(Web page caption snippets)
Start of Block

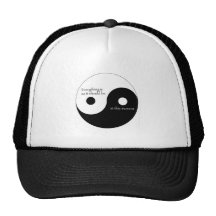 Everything Is As It Should Be Mesh Hat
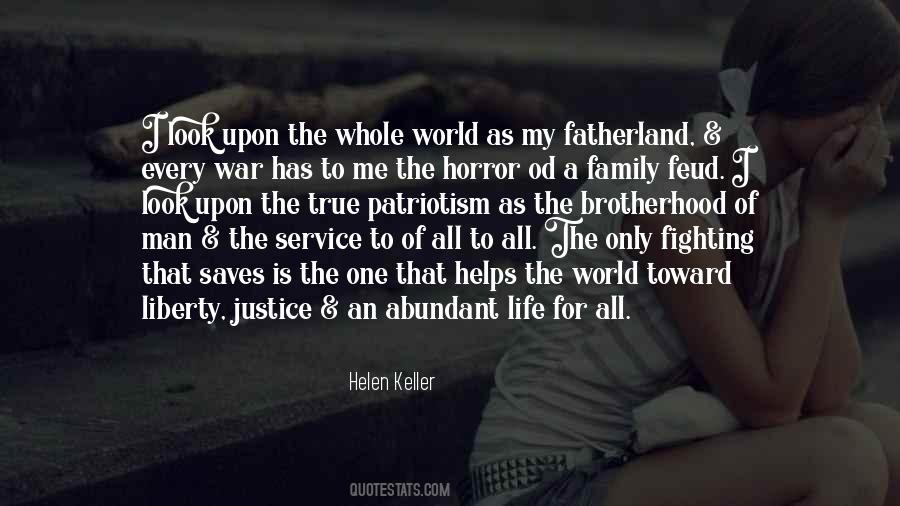 Family Is My World Quotes #1434202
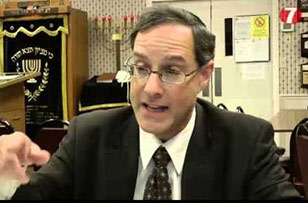 Rabbi Dr. Richard Weiss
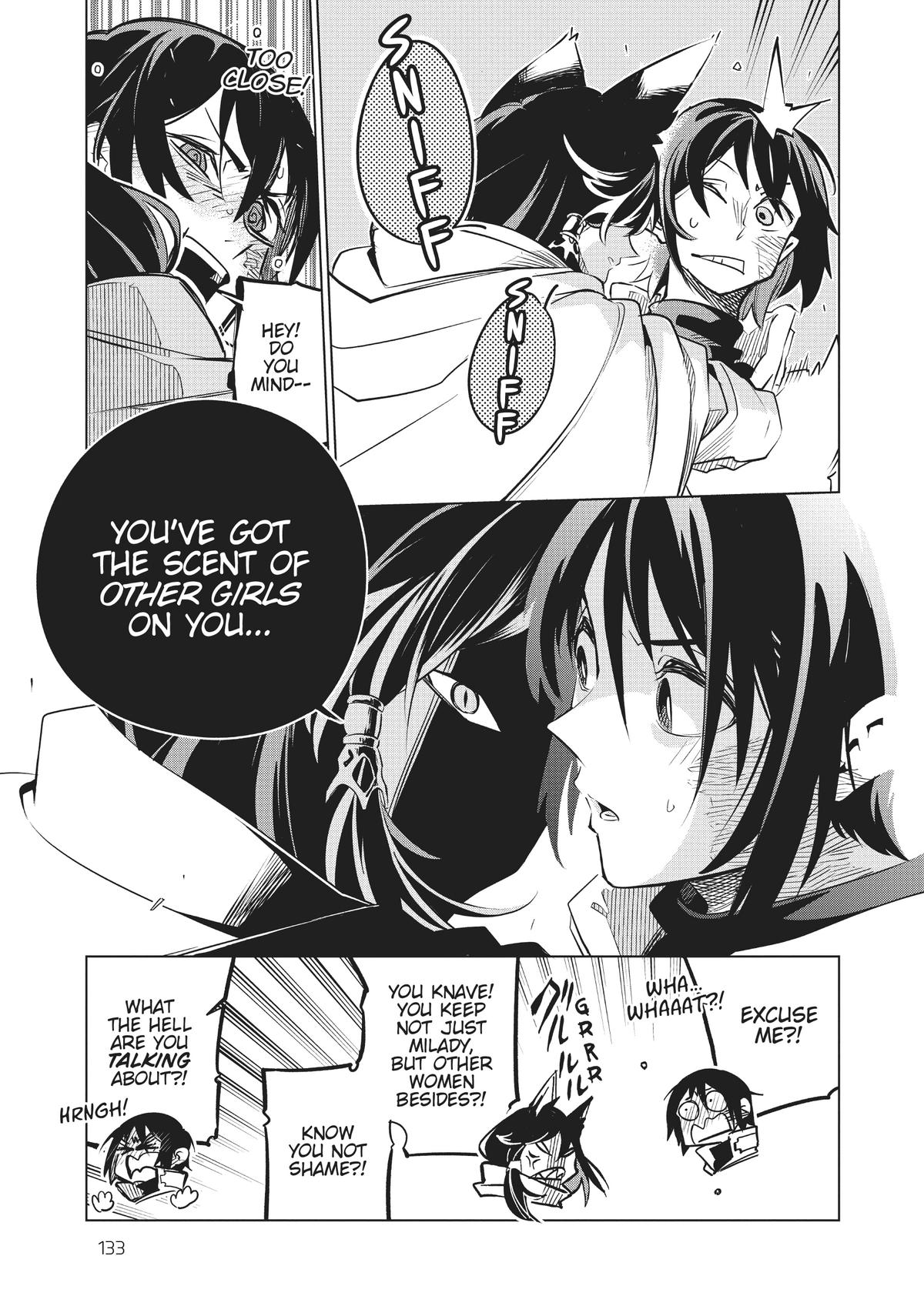 Isekai Meikyuu no Saishinbu wo Mezasou Chapter 25 page 13 - 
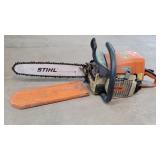 Stihl 029 Super 16' Chainsaw
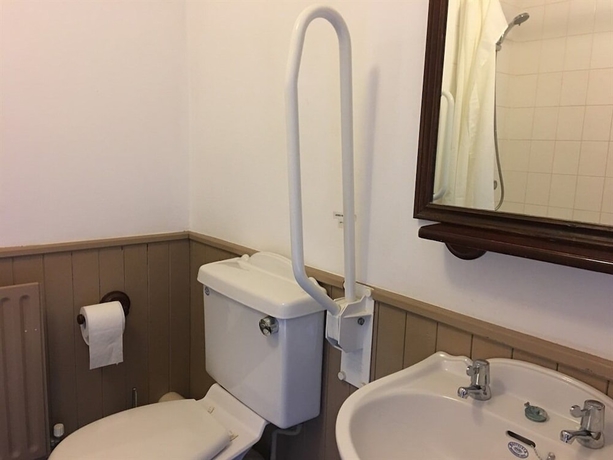 Imagen de la habitación del Hotel The Blazing Donkey. Foto 19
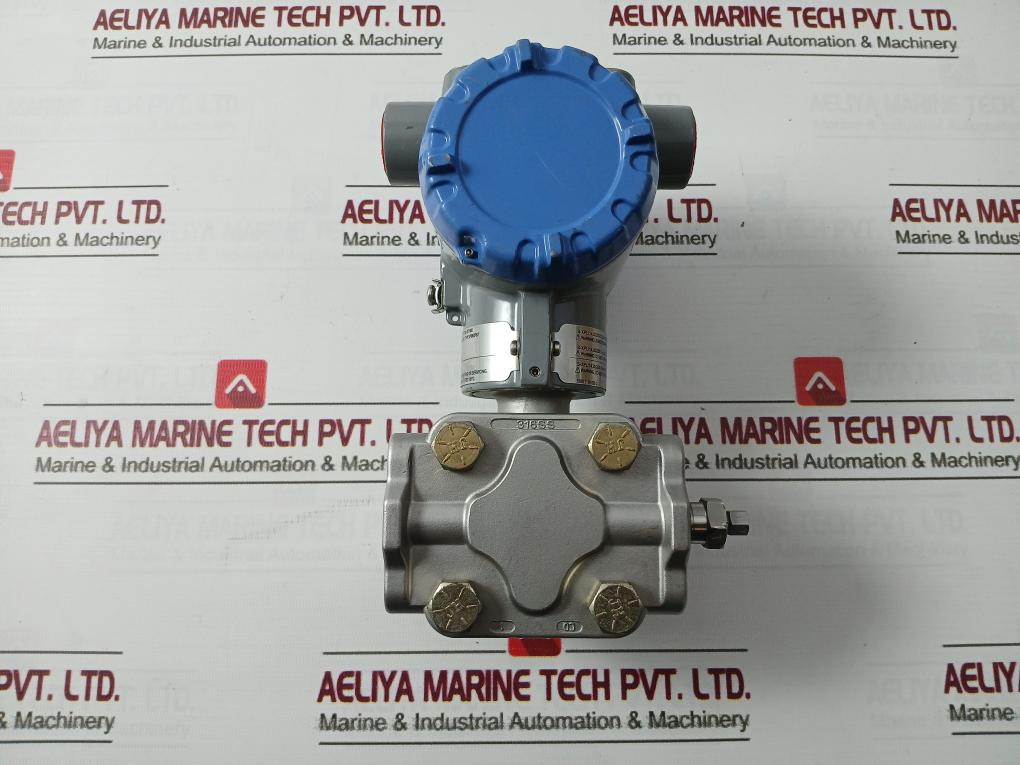 Honeywell St 800 Pressure Transmitter Std820-e1Ac4As-1-e-ahc-11C-b-11A0-f1-0000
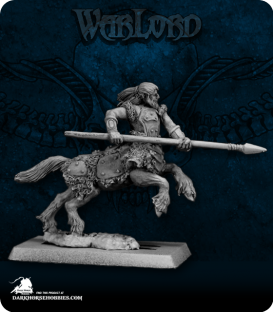 Warlord: Tembrithil/Elves - Centaur Warrior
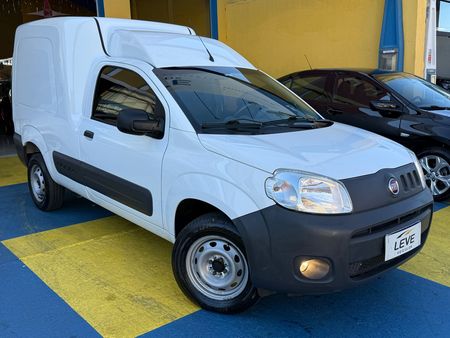 Fiorino 1.4 Hard Working (Flex)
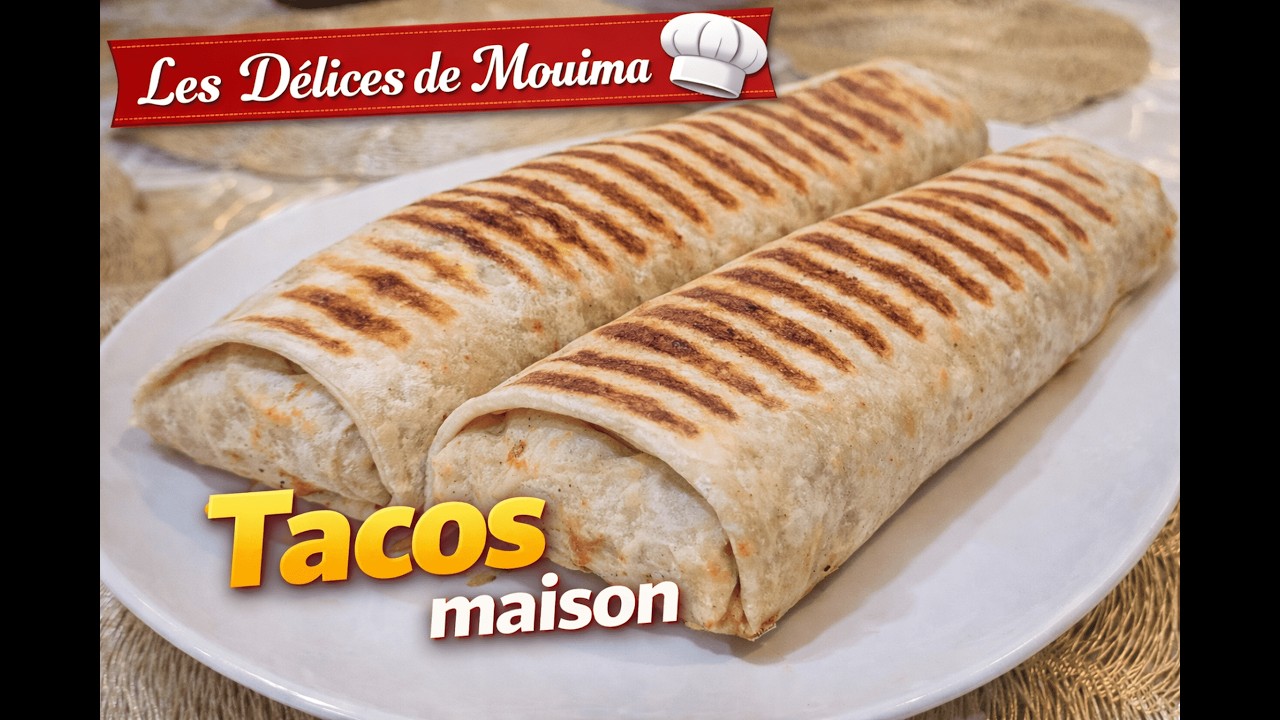 Tacos maison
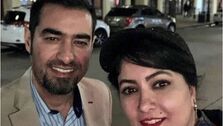 این خانم بازیگر مهاجرت کرده کنار شهاب حسینی چه می کند؟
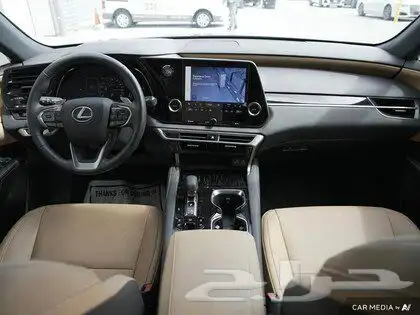 2023 Lexus RX 350 Premium AWD 7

End of Block

Every line from the one holding "Isekai Meikyuu no" through the last line of the entries above, and nothing else, is to be restated word for word. Pictures stay out.

• **Answer**:
 Isekai Meikyuu no Saishinbu wo Mezasou Chapter 25 page 13 - 
 Stihl 029 Super 16' Chainsaw
 Imagen de la habitación del Hotel The Blazing Donkey. Foto 19
 Honeywell St 800 Pressure Transmitter Std820-e1Ac4As-1-e-ahc-11C-b-11A0-f1-0000
 Warlord: Tembrithil/Elves - Centaur Warrior
 Fiorino 1.4 Hard Working (Flex)
 Tacos maison
 این خانم بازیگر مهاجرت کرده کنار شهاب حسینی چه می کند؟
 2023 Lexus RX 350 Premium AWD 7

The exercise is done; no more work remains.